There are several ways a person can come in contact with a potentially hazardous chemical contained in the product. These ways are coined “routes of exposure,” including inhalation, skin, eye, and ingestion. Section 4 starts off with “First Aid Measures” for each route of exposure. Each route has a blanket first aid act to carry out. For example, eye contact may say “Flush with water for at least 15 minutes. If irritation persists, see a physician.” It goes without saying that if there are multiple routes of exposure, follow each applicable first aid measure.

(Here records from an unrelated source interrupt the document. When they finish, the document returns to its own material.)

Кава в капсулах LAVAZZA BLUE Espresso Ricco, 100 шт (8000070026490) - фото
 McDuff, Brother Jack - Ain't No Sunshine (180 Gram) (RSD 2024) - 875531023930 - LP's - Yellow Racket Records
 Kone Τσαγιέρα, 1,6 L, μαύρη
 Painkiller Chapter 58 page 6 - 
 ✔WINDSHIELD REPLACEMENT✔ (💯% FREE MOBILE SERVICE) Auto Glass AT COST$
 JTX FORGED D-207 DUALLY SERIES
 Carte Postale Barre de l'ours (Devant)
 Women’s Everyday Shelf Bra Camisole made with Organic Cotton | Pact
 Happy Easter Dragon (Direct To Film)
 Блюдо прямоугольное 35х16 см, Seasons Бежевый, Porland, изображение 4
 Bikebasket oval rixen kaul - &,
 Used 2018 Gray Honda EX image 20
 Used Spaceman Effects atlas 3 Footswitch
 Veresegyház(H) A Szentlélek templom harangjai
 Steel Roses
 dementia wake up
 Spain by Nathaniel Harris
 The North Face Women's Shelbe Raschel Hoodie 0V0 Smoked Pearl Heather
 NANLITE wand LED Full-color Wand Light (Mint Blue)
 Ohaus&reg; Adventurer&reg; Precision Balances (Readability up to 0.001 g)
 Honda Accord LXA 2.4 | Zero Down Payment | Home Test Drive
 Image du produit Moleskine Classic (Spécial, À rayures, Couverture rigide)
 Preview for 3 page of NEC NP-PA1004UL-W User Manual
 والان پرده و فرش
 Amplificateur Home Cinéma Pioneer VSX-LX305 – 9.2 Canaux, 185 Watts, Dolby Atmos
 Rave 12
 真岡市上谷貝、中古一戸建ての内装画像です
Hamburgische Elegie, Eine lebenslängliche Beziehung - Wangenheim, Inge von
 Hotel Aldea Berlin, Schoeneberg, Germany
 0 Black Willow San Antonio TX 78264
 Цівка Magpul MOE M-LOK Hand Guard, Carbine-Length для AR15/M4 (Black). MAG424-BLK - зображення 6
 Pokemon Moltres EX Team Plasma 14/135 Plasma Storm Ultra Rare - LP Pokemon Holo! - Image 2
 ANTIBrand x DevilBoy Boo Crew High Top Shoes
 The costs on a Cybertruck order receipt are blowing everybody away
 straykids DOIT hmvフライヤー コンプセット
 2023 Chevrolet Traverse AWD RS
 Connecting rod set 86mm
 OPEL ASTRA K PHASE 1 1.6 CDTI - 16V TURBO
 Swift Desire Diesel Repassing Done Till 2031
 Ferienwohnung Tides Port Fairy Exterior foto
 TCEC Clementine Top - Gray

The following portion of Section 4 of an SDS addresses the most important symptoms and their corresponding effects. This includes acute symptoms and delayed symptoms that often result from over-exposure to the chemical. The route of exposure determines the potential symptoms. Even if there are no significant effects or critical hazards, this information still needs to be explicitly stated.

If immediate medical attention and special treatment is required, instructions are listed under this section as well. This may include a note to the physician, any necessary specific treatments, and “protection of first-aiders.” Protection of first-aiders essentially states that the first responder should not carry out any first aid or action that they are not legally trained to do. The true purpose of Section 4 is to provide first aid measures for any sort of contact with the chemical. However, if the chemical is truly hazardous, professional medical assistance is needed and this should be stated multiple times in Section 4 of the SDS.